Prescription diversion and drug abuse

Would allowing patients to grow and use their own marijuana increase the supply of pot to the illicit market?

Eugene Volokh questions an argument of Justice Thomas, dissenting in Ashcroft v. Raich, that allowing patients to grow their own pot would not lead to substantial leakage into the illicit market. Justice Thomas cites amphatamines and morphine as examples; Eugene says “I had thought that prescription narcotics often do make their way into the illegal markets… the availability of prescriptions has undermined the broad prohibitory goals of the Act.”

The answer is: It depends, both on the rigor of controls on prescription drugs and on the availability of non-pharmaceutical supplies of the drug in question or substitutes for it.

Dexamphtamine used to leak massively from the prescription market into the illicit market; in 1970, three times as much amphetamine was legally produced and sold by pharmaceutical companies as was prescribed that year by physicians.

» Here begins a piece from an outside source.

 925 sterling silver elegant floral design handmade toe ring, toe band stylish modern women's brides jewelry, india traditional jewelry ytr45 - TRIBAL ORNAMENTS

Moving amphetamine to Schedule II, and the imposition of triplicate prescriptions and other measures to control retail-level diversion by some states, largely dried up that market. (Those controls also, of course, led to the development of a huge market for illicitly-produced methamphetamine; it’s quite possible, though not certain, that the net result of tightening controls on the diversion of prescription amphetamine was to create a larger drug abuse problem than would otherwise have existed.)

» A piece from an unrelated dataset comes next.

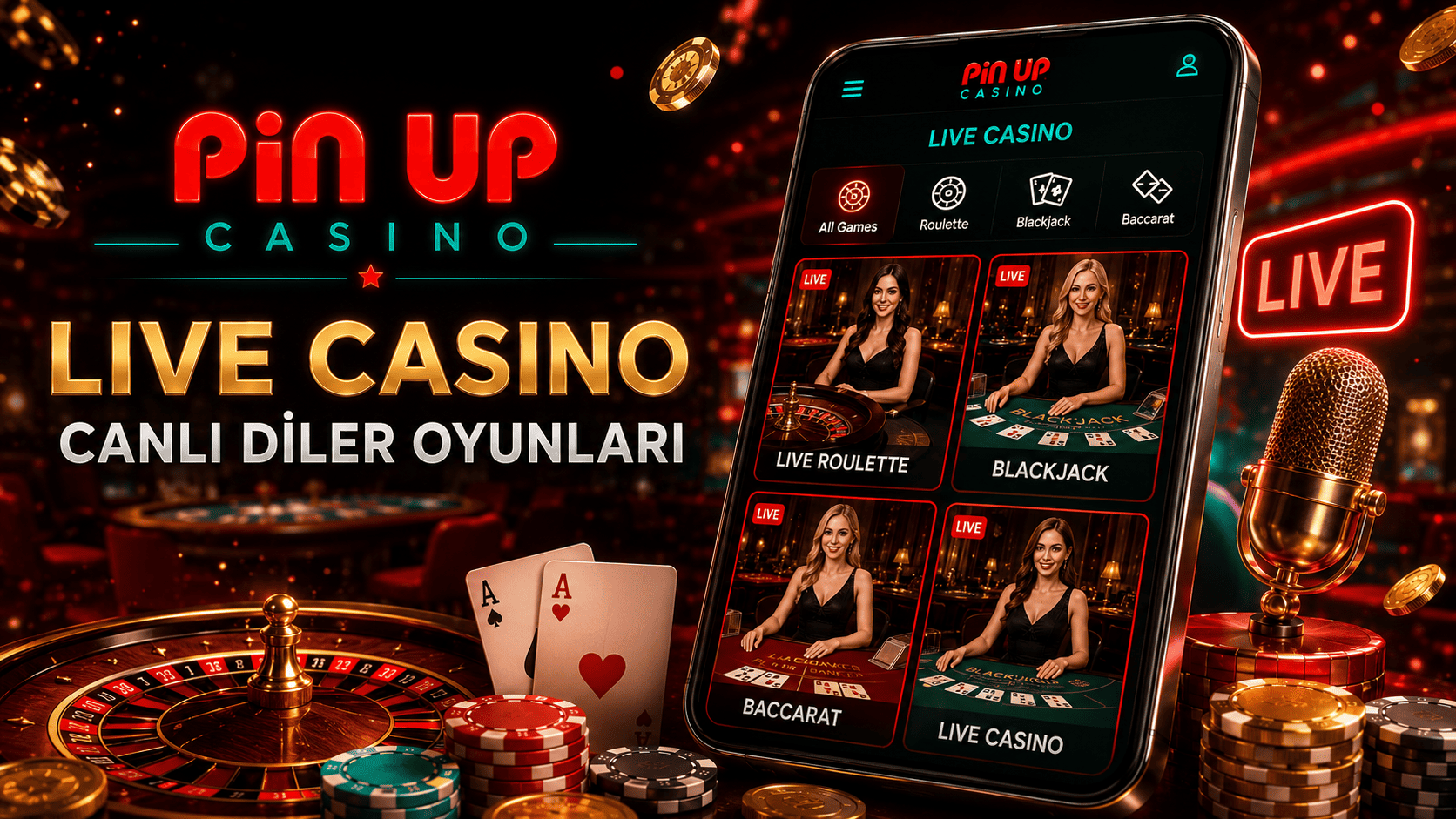 Pin Up live casino lobbisi və canlı diler oyunları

Morphine doesn’t leak much because there’s not much illicit demand for it, but hydromophone (dilaudid) and miperidine (Demerol) are much sought-after as heroin substitutes.

The semi-synthetic opioids hydrocodone (Vicodin) and oxycodone (Percodan, Oxycontin)have thriving diversion markets. The diverted opioids have created opiate-abuse problems in places the strictly illicit heroin markets don’t reach, so it’s certainly fair to say that diversion in that case has been the source of a significant amount of drug abuse that otherwise wouldn’t be happening. The same is true of the benzodiazepine “minor tranquilizers” (anxiolyitics) such as Valium and Xanax.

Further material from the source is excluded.